On defined preemption

  1. Strong preemption language with carve-outs. This prevents a patchwork of frameworks across the country; provides consistent rights for consumers; and recognizes the role of states. Recommended carve-outs include:

    • Traditional areas of state concern like civil rights, specific relationships and gaps in federal law.

    • Emerging areas and gap fillers such as cybersecurity laws and areas not addressed by federal law.

    • Existing federal laws such as student, health (HIPAA), financial (GLBA) and children’s privacy.

  1. Balancing state and federal provisions. States are less likely to oppose strong preemption if a federal law is as robust as existing legislation. A federal law should be conscious of this dynamic.

  2. Include state Attorneys General or other agencies. States should be a part of enforcement, whether through their attorney general or another agency. State data protection entities could, among other roles, handle carve-outs, serve as an ombudsman for state perspectives and provide subject matter expertise.

On the role of the Federal Trade Commission (FTC)

  1. Administrative Procedure Act (APA) Rulemaking. A federal privacy bill should grant the FTC targeted rulemaking authority (notice and comment) under Section 5 with ample time for covered entities to comment.
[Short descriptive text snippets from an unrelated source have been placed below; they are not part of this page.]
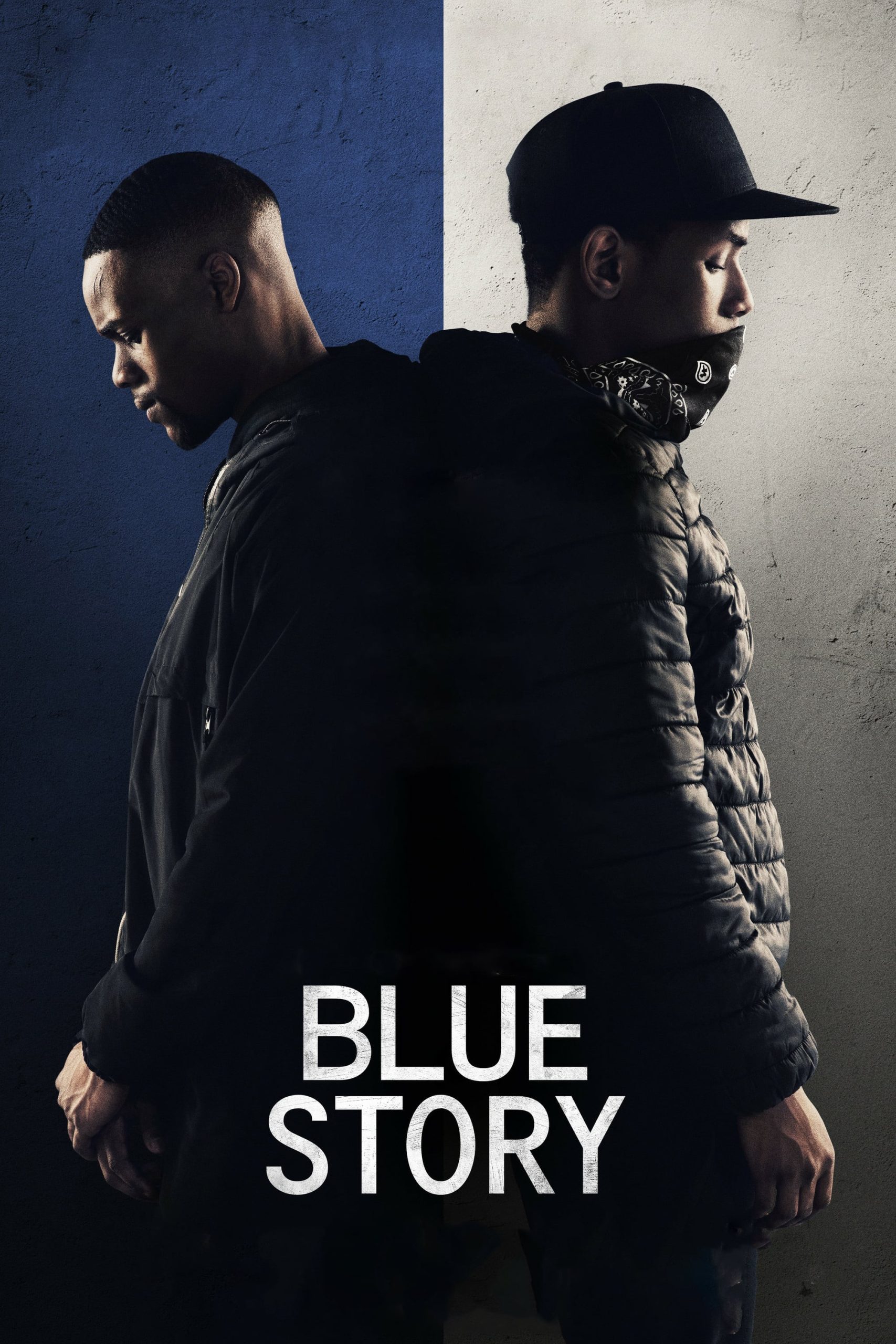 Poster phim Câu chuyện buồn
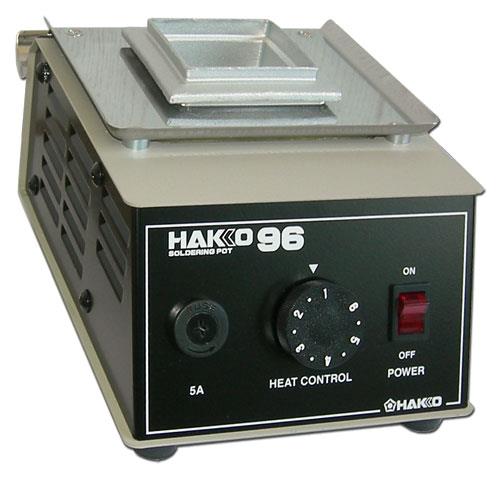H96 หม้อต้มตะกั่ว ,Hakko,H96,HAKKO,Plant and Facility Equipment/HVAC/Equipment & Supplies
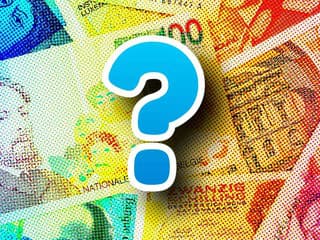 Mnohí tento naoko ľahký test nezvládnu: Spomeniete si na meny, ktorými sa v Európe platilo pred eurom? (kvíz)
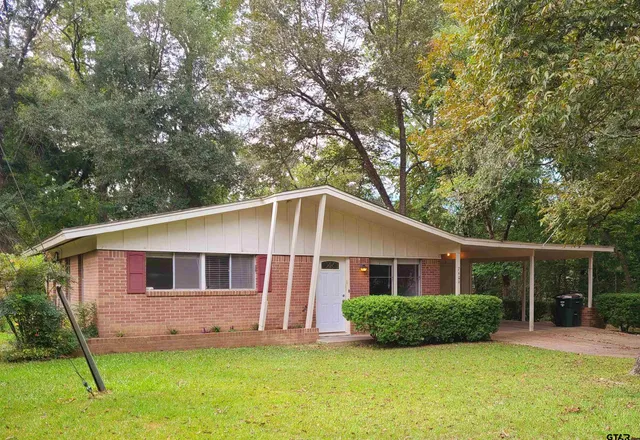 $1,425 | 2409 Mimosa Drive, Tyler, TX 75701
  2. Defined Areas for Rulemaking. A federal privacy bill should define the areas for FTC rulemaking, including sensitive covered data; opt-out of transfers of covered data; explicit consent for processing; requests for verification; dark patterns and choice; data security; civil rights and privacy; and data collection.

  3. Enforcement. The FTC should be the primary enforcer, and allow state Attorneys General to bring suit on behalf of that state’s constituents. First-time fining authority should be used as a tool to halt the most egregious or urgent practices. The FTC should use warning and remediation letters, safe harbor frameworks, and best practice guidance to achieve broad compliance.

  4. Victim’s Relief Fund. Collected funds from fines spent to help small- to medium-sized business compliance and victim relief.

  5. Increase Capacity. $500 million for a new FTC Bureau of Privacy with 500 personnel over five years.

On a limited private right of action (PRA)

  1. Create a PRA. A federal data security and privacy bill should empower everyday Americans to assist in the enforcement of the new law in a clear, confined and meaningful way. This new statutory right should cover data breaches, and extend beyond that by explicitly articulating privacy harms Congress intends to prevent or reduce with a PRA. The greater the harm priority for Congress, the greater the relief made available to the individual.

  2. Limit the PRA.  To strike the right balance between the American consumer and business, Congress should place clear limits on the created PRA. Congress should creatively and narrowly tailor remedies made available to the individual by (1) leveraging a tiered damage system; (2) permitting injunctive relief in certain circumstances; and (3) allowing for safe harbors where appropriate. Furthermore, Congress should create pathways for consumers and businesses to come together outside of the courtroom to resolve their differences by (4) establishing a right to cure.